Activity
Filter the material below down to the lines containing the word "during".
***
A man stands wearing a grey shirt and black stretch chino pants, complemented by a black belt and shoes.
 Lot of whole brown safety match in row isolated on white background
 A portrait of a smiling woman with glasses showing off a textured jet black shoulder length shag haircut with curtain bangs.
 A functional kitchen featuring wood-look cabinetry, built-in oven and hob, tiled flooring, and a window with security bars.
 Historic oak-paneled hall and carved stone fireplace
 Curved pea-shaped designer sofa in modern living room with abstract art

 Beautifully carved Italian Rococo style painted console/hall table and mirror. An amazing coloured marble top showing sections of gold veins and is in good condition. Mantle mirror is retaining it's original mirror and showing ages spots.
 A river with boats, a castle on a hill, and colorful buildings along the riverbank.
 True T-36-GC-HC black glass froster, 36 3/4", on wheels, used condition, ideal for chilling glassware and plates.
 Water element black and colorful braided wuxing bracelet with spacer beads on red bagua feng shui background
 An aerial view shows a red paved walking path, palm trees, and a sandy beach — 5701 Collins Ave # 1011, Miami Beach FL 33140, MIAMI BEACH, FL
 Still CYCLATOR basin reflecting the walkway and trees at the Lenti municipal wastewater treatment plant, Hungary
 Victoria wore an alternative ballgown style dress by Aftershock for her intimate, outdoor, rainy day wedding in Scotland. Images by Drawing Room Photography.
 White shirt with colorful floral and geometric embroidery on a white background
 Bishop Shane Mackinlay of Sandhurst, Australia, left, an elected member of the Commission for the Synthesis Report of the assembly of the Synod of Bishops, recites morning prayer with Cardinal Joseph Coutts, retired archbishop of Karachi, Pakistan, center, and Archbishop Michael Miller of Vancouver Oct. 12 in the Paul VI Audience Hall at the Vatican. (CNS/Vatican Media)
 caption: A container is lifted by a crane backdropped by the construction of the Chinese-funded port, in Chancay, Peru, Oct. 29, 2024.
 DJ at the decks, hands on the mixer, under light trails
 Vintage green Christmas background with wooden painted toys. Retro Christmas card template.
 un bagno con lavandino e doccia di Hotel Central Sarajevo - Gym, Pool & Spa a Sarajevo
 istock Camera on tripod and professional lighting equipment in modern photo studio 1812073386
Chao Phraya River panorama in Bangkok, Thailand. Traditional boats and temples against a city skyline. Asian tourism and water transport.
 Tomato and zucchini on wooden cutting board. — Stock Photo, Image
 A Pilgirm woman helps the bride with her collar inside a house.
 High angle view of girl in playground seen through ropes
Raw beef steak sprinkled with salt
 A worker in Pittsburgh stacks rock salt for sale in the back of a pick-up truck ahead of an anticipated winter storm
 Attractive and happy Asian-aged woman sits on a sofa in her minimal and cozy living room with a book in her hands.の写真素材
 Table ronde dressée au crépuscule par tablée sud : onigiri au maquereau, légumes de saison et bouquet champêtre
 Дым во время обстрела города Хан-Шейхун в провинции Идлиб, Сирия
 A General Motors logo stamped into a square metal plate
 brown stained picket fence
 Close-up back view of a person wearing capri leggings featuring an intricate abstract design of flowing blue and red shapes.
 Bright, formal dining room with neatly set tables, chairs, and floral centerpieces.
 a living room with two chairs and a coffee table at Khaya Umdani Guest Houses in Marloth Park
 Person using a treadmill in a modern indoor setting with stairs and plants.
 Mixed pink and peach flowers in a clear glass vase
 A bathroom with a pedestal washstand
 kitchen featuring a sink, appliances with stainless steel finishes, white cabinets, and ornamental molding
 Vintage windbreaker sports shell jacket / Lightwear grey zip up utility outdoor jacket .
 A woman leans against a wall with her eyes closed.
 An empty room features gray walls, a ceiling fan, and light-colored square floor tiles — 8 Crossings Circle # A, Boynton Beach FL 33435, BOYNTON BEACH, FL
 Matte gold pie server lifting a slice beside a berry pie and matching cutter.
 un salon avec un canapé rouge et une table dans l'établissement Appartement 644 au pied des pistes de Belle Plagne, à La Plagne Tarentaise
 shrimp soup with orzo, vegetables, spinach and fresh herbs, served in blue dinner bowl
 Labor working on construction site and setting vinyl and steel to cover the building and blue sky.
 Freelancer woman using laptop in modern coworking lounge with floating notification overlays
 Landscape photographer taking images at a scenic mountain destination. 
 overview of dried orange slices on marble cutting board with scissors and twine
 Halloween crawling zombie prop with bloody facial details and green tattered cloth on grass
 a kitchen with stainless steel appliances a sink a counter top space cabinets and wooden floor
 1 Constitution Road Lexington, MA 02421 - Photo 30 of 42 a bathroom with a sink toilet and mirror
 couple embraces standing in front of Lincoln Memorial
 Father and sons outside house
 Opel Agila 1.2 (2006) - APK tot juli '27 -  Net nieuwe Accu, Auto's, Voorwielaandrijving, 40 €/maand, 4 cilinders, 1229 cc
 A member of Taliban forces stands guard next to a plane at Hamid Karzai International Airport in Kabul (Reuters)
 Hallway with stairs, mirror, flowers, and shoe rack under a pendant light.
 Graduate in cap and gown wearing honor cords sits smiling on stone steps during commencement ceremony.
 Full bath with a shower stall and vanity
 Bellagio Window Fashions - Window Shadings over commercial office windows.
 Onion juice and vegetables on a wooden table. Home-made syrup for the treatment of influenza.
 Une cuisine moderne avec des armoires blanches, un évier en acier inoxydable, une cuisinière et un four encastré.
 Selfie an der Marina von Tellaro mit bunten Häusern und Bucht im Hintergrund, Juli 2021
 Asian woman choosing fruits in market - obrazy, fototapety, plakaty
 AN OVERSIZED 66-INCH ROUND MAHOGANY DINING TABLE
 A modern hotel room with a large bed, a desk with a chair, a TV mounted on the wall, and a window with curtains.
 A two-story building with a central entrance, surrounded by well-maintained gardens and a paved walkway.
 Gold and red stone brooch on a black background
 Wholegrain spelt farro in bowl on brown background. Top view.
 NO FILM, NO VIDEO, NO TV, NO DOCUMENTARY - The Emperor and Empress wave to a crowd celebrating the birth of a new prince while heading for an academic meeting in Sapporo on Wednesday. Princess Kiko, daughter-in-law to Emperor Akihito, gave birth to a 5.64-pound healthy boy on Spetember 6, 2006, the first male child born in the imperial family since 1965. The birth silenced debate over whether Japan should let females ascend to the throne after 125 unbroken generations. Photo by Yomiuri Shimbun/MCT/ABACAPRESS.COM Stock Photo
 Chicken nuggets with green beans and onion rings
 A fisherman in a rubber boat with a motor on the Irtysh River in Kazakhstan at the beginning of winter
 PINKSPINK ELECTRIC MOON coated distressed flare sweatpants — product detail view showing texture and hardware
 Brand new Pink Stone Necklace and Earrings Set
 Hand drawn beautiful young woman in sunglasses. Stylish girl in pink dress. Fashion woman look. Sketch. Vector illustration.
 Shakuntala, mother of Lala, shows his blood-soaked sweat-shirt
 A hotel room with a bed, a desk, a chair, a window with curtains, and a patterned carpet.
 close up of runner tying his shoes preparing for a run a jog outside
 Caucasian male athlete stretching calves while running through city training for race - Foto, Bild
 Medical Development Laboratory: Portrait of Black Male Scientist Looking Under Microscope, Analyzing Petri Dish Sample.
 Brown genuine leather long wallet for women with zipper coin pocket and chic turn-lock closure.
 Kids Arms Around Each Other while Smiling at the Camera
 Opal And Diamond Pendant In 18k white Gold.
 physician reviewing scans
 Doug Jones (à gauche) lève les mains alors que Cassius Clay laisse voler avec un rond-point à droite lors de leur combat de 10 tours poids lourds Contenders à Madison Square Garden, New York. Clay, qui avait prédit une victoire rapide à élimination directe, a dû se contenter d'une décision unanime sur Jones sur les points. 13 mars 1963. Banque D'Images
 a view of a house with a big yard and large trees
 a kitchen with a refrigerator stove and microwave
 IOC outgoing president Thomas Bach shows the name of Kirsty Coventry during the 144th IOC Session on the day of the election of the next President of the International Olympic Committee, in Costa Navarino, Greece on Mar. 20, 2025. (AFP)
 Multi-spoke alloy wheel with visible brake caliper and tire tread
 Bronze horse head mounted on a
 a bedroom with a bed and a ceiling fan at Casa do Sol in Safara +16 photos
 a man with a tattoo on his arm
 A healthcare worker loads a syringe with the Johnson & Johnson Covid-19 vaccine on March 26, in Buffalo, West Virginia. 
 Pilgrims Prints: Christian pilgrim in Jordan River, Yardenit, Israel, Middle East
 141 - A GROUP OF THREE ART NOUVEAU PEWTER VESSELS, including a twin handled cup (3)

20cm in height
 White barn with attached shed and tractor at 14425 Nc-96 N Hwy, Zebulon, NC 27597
***
Answer space
 Graduate in cap and gown wearing honor cords sits smiling on stone steps during commencement ceremony.
 IOC outgoing president Thomas Bach shows the name of Kirsty Coventry during the 144th IOC Session on the day of the election of the next President of the International Olympic Committee, in Costa Navarino, Greece on Mar. 20, 2025. (AFP)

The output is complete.